Wayfair considers themselves a data company, and their connected journeys showcase their ability to leverage customer data to deliver brand-consistent, behavior-based member experiences across its email, app, and website channels. It’s not just their promotional campaigns that are omnichannel—including social and MMS, their cart abandonment journeys bring in-cart items to the home page when signed-in and highlight coupons relevant to wish list items. Additionally, Wayfair deep links within its app any links shared.

Points carry factual value

Loyalty programs help consumers save. In fact, 56% of survey respondents agreed with the statement “I am relying more on loyalty programs right now due to higher prices,” according to Mintel’s 2024 US Loyalty in Retail report.

It is a little-known fact that brands must list points as revenue on their balance sheets. While, historically, brands have kept listed values and perceived values of points confidential from public eyes, members overwhelmingly view points as currency. Loyalty program terms and conditions even specify that points cannot be transferred in the event of divorce or death. And, as brands allow members to convert unused points to cash in the form of vouchers, gift cards, crypto, or another form of currency, they place monetary value on those points. Of course, the “true” value of those points varies contract to contract, promotion to promotion, and member to member.

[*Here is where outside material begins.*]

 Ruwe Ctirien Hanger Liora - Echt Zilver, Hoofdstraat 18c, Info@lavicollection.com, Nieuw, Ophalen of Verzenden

Point utility is a win-win for brands

Point utility can help differentiate loyalty programs within their respective industries. It’s a win-win situation for brands. Members have freedom in how they earn and redeem points, and brands gain valuable zero- and first-party data as members engage through the loyalty program. This creates a compelling value exchange and sets brands up to have the data they need to reach consumers and deliver personalized experiences tailored to member preferences.

It’s been shown time and time again that during times of economic uncertainty brands that cut back on marketing spend, program benefits, and member experiences miss the opportunity to drive deeper emotional loyalty with members. By recognizing customer loyalty through distributed points that members use to cut costs or redeem for valuable goods and memorable experiences, brands show up for their customers. Loyalty programs drive retention, build brand advocacy and identity, and help brands stay resilient through tough times and thrive in better times.